“Our session was on the evening of October 12, 1860, lasting from half-past nine till eleven.[16] It was held in the same room and at the same table before mentioned, and by gas-light. Present, Mr. and Mrs. Underhill, Kate Fox, Mr. Harrison Gray Dyer, of New York, and myself. We had very loud rappings, from various parts of the room and on the chairs. Then, while our hands were on the table, it began to move, sometimes with a rotary motion, sometimes rising up on one side, until finally it rose from the floor all but one leg. Then we sought to induce it to rise entirely from the floor. After (what seemed) strenuous efforts, almost successful, to rise, we aided it by each putting a single finger under it; and, with this slight assistance, it rose into the air and remained suspended during six or seven seconds.
“After a time we asked whether, if we removed our fingers from the table-top, while it was in the air, it could still remain suspended; and the reply (by rapping) being in the affirmative, after aiding it to rise as before, we withdrew our fingers entirely, raising them above it. The table then remained, nearly level, suspended without any human support whatever, during the space of five or six seconds; and then gradually settled down, without jar or sudden dropping, to the floor.
“Then, anxious to advance a step further, we asked if the table could not be raised from the floor without any aid or contact whatever. The reply being in the affirmative, we stood up and placed all our hands over it, at the distance of three or four inches from the table-top: when it rose of itself, following our hands as we gradually raised them, till it hung in the air about the same distance from the floor as before. There it remained six or seven seconds, preserving its horizontal, and almost as steady as when it rested on the ground; then it slowly descended, still preserving the horizontal, until the feet reached the carpet. As before, there was no jar or sudden dropping.
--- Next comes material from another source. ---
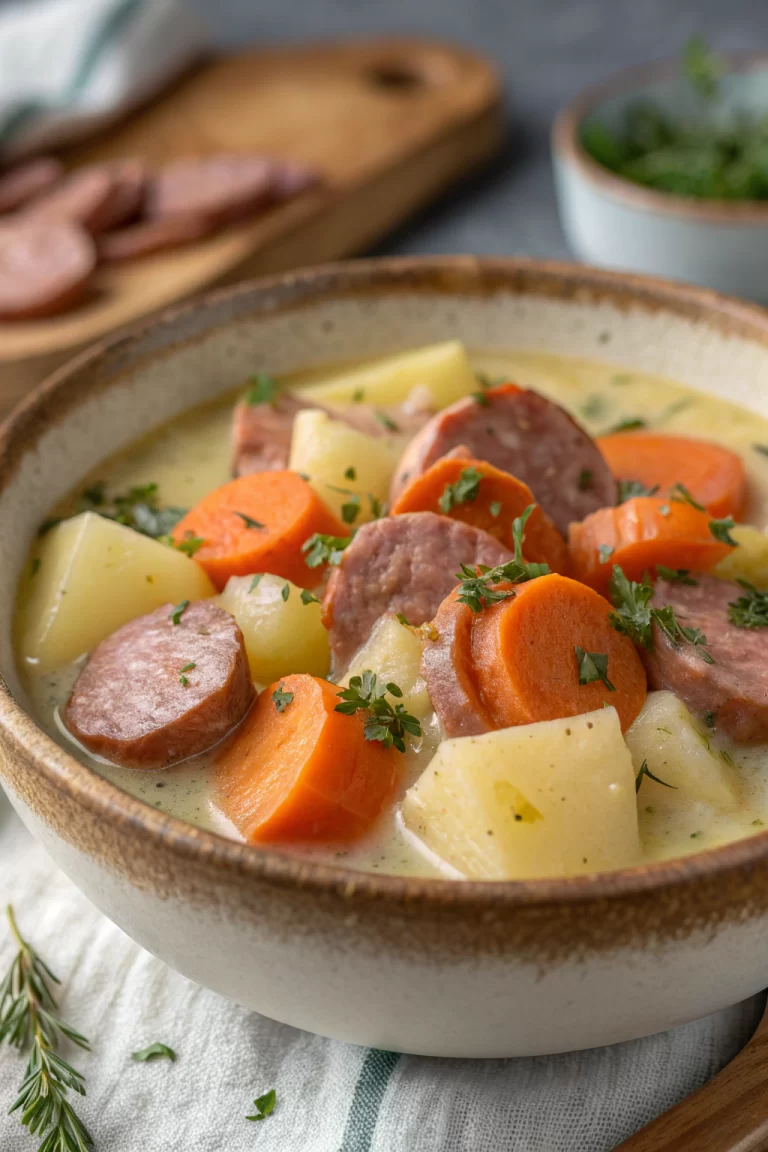 Kielbasa Potato Soup Recipe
“The same experiment was repeated next evening in the presence of Robert Chambers, after we had completed our tests with the steelyard; and with exactly the same results. At first, as before, we raised it on our fingers; then, withdrawing them, it remained in the air six or seven seconds. On the second trial it rose entirely without contact, remaining suspended for about the same space. It should here be remarked that we were in the habit, during these experiments, of moving the table to different parts of the room, and of looking under it from time to time.
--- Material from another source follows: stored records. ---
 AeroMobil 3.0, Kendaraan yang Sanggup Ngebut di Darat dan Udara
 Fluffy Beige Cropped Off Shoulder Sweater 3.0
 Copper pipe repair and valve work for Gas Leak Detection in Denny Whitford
“Upon the whole I consider this moving of physical objects to be as conclusively established, in its ultramundane aspect, as the Spirit rap. A hundred and twenty pound dinner-table is no trifle to lift. The conditions exclude the possibility of concealed machinery. And by what conceivable bodily effort, undetectable by watchful bystanders, can two or three assistants heave from the ground, maintain in the air, and then drop slowly to the floor, so ponderous a weight, with their hands the while in full view, under broad gas-light? No one in his senses, and believing in his senses, can witness what I have witnessed, and yet remain a sceptic in this matter.”—“Debatable Land,” p. 361.
[14] Mrs. S. B. Underhill was a sister of my husband, and a full believer in Spiritualism. There was no relationship between Mr. S. B. and Mr. D. Underhill. It had simply happened that his sister had married a gentleman of her own name with whom she had no tie of kin.
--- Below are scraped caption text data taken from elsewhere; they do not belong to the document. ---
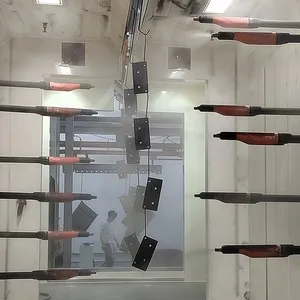 Решение для автоматической порошковой окраски аппаратных систем безопасности HIKVISION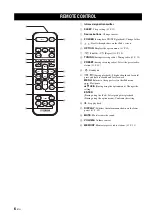 Preview for 8 page of Yamaha CRX-332 Owner'S Manual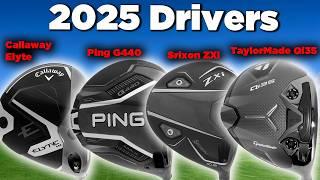 2025 Drivers: Callaway, Ping, Srixon & TaylorMade Woods Are Coming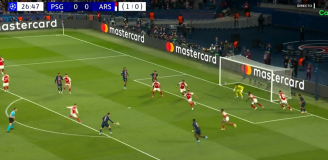 GENIALNY GOL Fabiana Ruiza na 1-0 z Arsenalem! [VIDEO]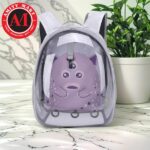 Cat's Cute Round Shape Bag - Image 3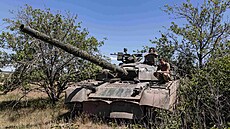 Ukrajinský vojenský výcvik v Doncké oblasti (29. kvtna 2024)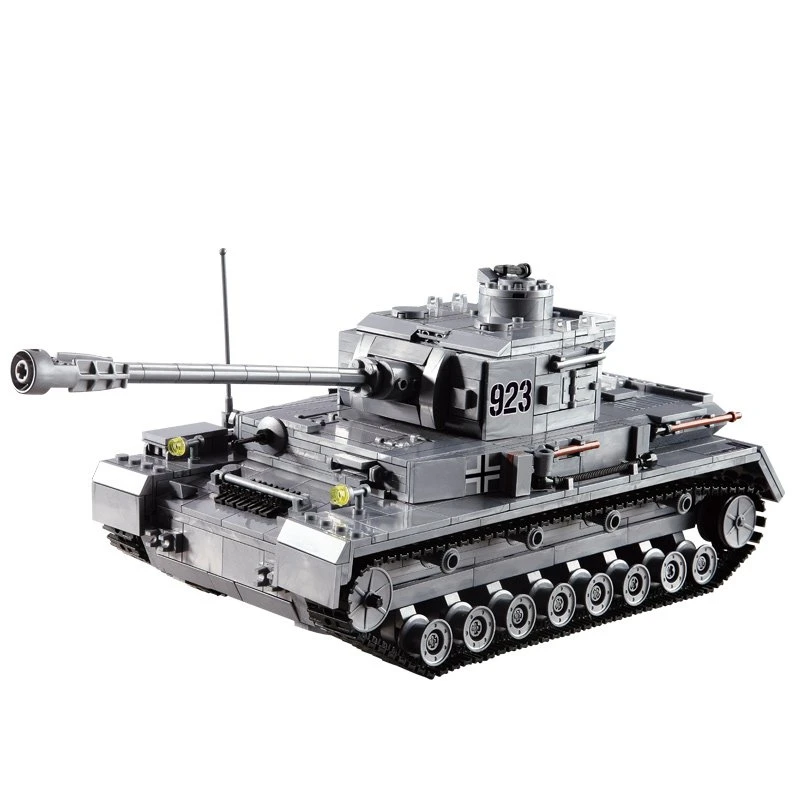 Kazi 82010 Танк здание 1193 шт БЛОКИ игрушки развивающие подарок Непоседа | Игрушки и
[15] This is literally exact that Mr. Owen “looked under the table,” but it omits to say how; and I the more readily supply that omission, because he himself, after his book was published, expressed regret that, in his cultivation of brevity, he had not explained himself more fully. To speak of having looked under a table rather suggests the idea of having stooped down for that purpose. The following was exactly the way in which it passed. Mr. Owen desired to look under it and thought of so doing, when the table, which was an extension-table, opened itself, its two halves being drawn apart, so as to enable him to see through as well as under it, through the wide opening thus made—evidently by the Spirits who had seen his thought. As this was a distinct phenomenal fact (and one not without its interest) Mr. Owen regretted afterward that he had not stated it precisely as it had occurred.
[16] We found, by repeated trials, that our experiments succeeded better when we sat at a late hour, after the servants had gone to bed, when the house and the streets were quiet.